By: R. Joyclyn Wea
MONROVIA-In the wake of the14 years of civil unrest, the education sector experienced a gravitating brain drain.
This drain triggered the infiltration of unqualified individuals into the teaching force which has led to decline in performances and students’ learning outcomes.
As one of its major goals, the Ministry of Education has embarked on the establishment of an effective school quality improvement and accountability system which puts premium emphasis on the certification and licensing of teachers.
Against this backdrop, the Movement in Support of Teachers Licensure Project held a stakeholders policy engagement dialogue seeking to ensure the integration of public perception, especially from teachers on the viability of the policy and further increase its acceptability upon completion and validation across Montserrado and Maryland Counties.
This need is reflected in the New Education Reform act of 2011 (section 3.5.1c) which states that “every person to be employed or recruited as a teacher shall possess a teaching certificate or degree and shall be licensed to teach.”
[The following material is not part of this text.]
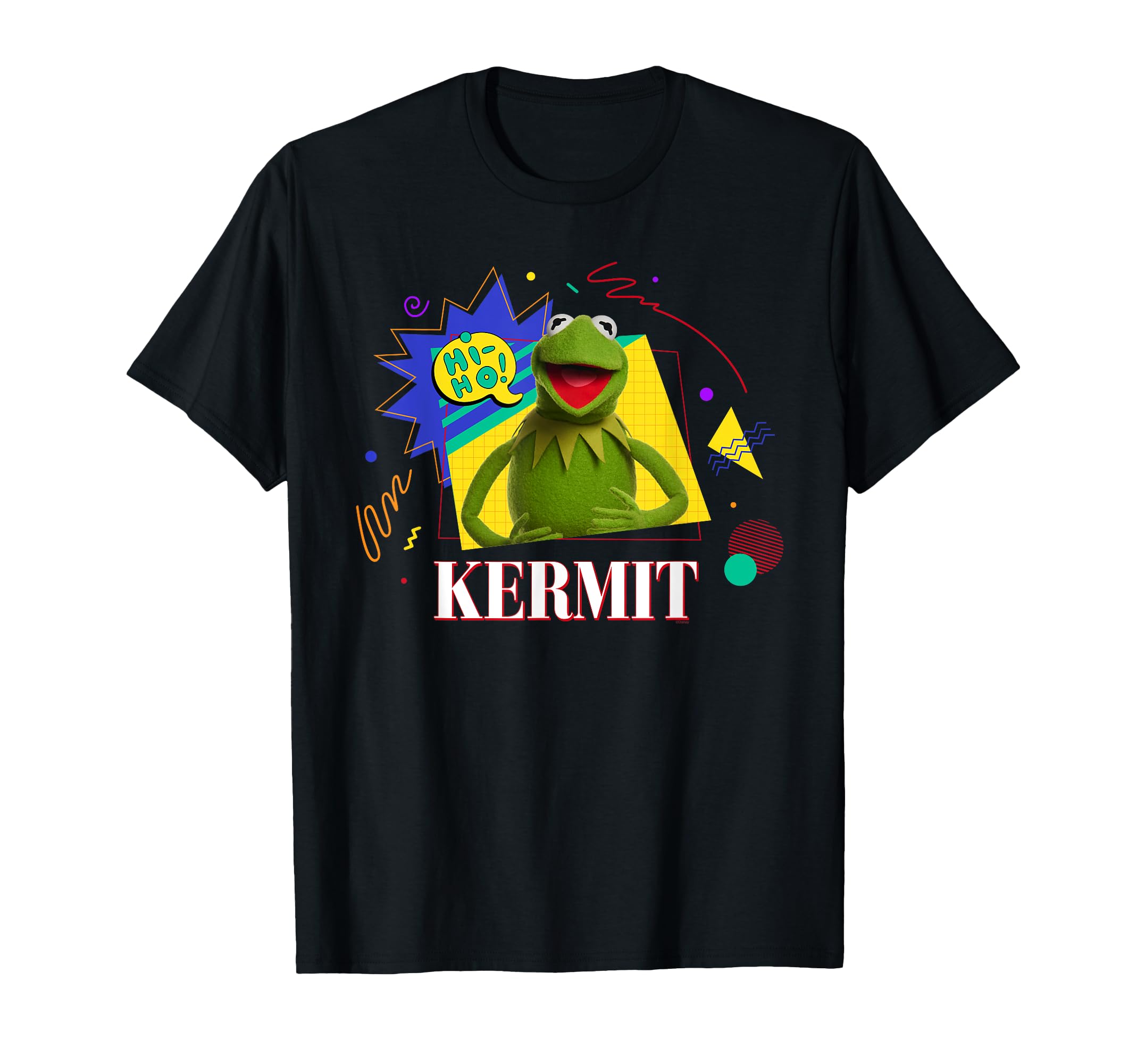 DisneyMuppets Kermit the Frog Retro ’90s Muppet Matching T-Shirt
The absence of licensing standards to hold educators and teachers more accountable has made it even more difficult to implement set policies in the Liberian school system, including the code of conduct for teachers and school administrators,” Dr. Charles Gbollie told the gathering.
With this in place, Gbollie believes that the education sector of Liberia will take a big step forward adding, “if we keep doing things the same way and no result, it means we are not okay, and if we are okay, this is one of the ways.”
The issue of compensation he said, had been a major delay in the licensing of teachers and educators at the level of the Ministry of Education.
It is hope that this advocacy campaign shall improve the acceptability of the licensure guidelines and provide opportunity for teachers’ voices to be heard as part of the policy input process.
Benjamin Reeves is the LIPACE Executive Director, addressing a stakeholders’ roundtable over the weekend said, the goal of the dialogue is to increase the acceptability rate of the policy when it has been developed.
“The MIST-L Project will ensure that the policy development circle is as inclusive as positive,” Reeves said.
The project will conduct dialogues with education stakeholders, leverage the media to share information on the drafting process of the national policy and engendered a fruitful conversation that increases acceptability of the policy as the Ministry of Education seeks to roll out the validated policy and its implementation.
LIPACE Boss noted that the absence of licensing standards to hold educators and teachers more accountable has made it more difficult to implement set policies in the Liberian school system including the code of conduct for teachers and school administrators.
The MIST-L Project is a policy-advocacy initiative that seeks to influence policy-level change by ensuring the voices of teachers are integrated into the policy drafting and validation processes and more importantly improving learning outcomes by harnessing the collective expertise of all actors through alliance building in both Montserrado and Maryland counties.
According to Reeves, this will require an inter-sectorial coordination from all actors involved before moving to validation of the policy.